In connection with this appointment, the Compensation Committee of the Board (“Compensation Committee”) approved, and Mr. Pope and the Company entered into, an Offer Letter of Employment dated October 23, 2015 (“Offer Letter”). Pursuant to the Offer Letter, Mr. Pope will receive an annual base salary of $415,000 and will be eligible for a bonus of up to 40% of base salary under the Company’s Quarterly Bonus Plan.

In addition, the Compensation Committee also granted Mr. Pope 70,000 inducement restricted stock units (“RSUs”) and 70,000 inducement performance based RSUs pursuant to the Company’s 2015 Equity Inducement Incentive Plan. The RSUs and PBRSUs vest in equal installments on the first four annual anniversaries of the grant date.

The Offer Letter further provides that, if Mr. Pope’s employment with the Company is involuntarily terminated without cause other than within twelve (12) months following a change of control, Mr. Pope will be entitled to a lump-sum cash payment equal to six months of his current base salary, a cash payment equal to the applicable COBRA premiums for up to six months, and a twelve-month period from the date of such termination in which to exercise any vested stock options. In addition, if Mr. Pope’s employment is terminated by the Company, other than for cause and that termination occurs (a) prior to the first 25% vesting event with respect to the RSUs, Mr. Pope will also receive accelerated vesting of 25% of the RSUs; and (b) prior to the first 25% vesting event with respect to the PBRSUs, Mr. Pope will also receive accelerated vesting of 25% of the PBRSUs.

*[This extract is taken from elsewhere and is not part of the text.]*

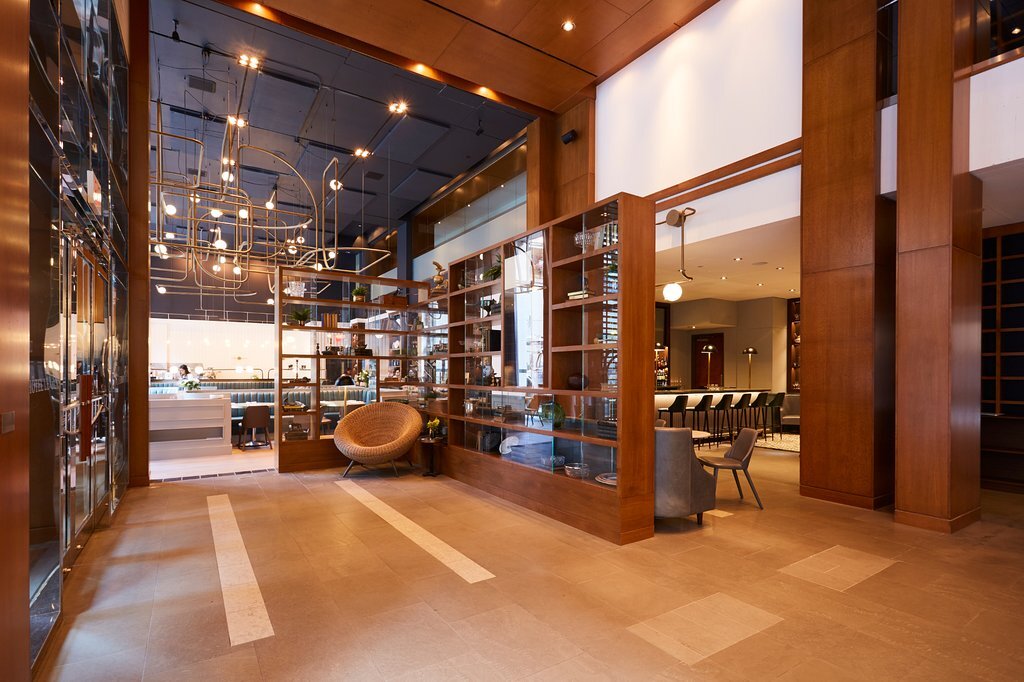 Le Germain Hotel Toronto Mercer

Receipt of these severance benefits is conditioned on execution by Mr. Pope of a release of claims in favor of the Company and provided in lieu of, and not in addition to, any other severance-based benefits for which Mr. Pope might then be eligible.

In addition, pursuant to the Offer Letter, if the Company is subject to a change in control and within twelve months after that (i) Mr. Pope’s employment is terminated by the Company, or a successor entity, other than for cause or (ii) Mr. Pope resigns within three months for Good Reason (as defined below), subject to certain notice and cure periods, then Mr. Pope will be entitled to a lump-sum cash payment equal to six months of his current base salary, a cash payment equal to the applicable COBRA premiums for up to six months, and a twelve-month period from the date of such termination in which to exercise any vested stock option. In addition, if Mr. Pope’s Company stock options or RSUs are assumed by the successor entity, he will vest in an additional number of shares or RSUs (including any earned and unearned performance-based RSUs) as would have vested in the twelve (12) months following the date of such termination. Receipt of these change of control benefits is conditioned on execution by Mr. Pope of a release of claims in favor of the Company and provided in lieu of, and not in addition to, any other severance-based benefits for which Mr. Pope might then be eligible.


Pursuant to the Offer Letter, Good Reason means Mr. Pope resigns: (i) due to a material reduction or change of his role with the Company immediately before such change of control; (ii) due to a relocation of the Company’s corporate office by more than thirty-five miles from its location immediately before such change of control; or (iii) due to a material reduction in his annual compensation, including base salary and bonus.

The foregoing description of the Offer Letter is qualified in its entirety by reference to the full text of the Offer Letter, which is filed as Exhibit 10.1 to this Current Report on Form 8-K and is incorporated by reference herein.

 

Item 9.01 Financial Statements and Exhibits.

 

(d) Exhibits.

 

Number

  

Description

10.1    Offer Letter, dated October 23, 2015, by and between Shutterfly, Inc. and Mike Pope.


SIGNATURES

Pursuant to the requirements of the Securities Exchange Act of 1934, the registrant has duly caused this report to be signed on its behalf by the undersigned thereunto duly authorized.

 

SHUTTERFLY, INC.
By:  

/s/ Jeffrey T. Housenbold

  Jeffrey T. Housenbold
  President and Chief Executive Officer

Date: October 27, 2015


EXHIBIT INDEX

 

Number

  

Description

10.1    Offer Letter, dated October 23, 2015, by and between Shutterfly, Inc. and Mike Pope.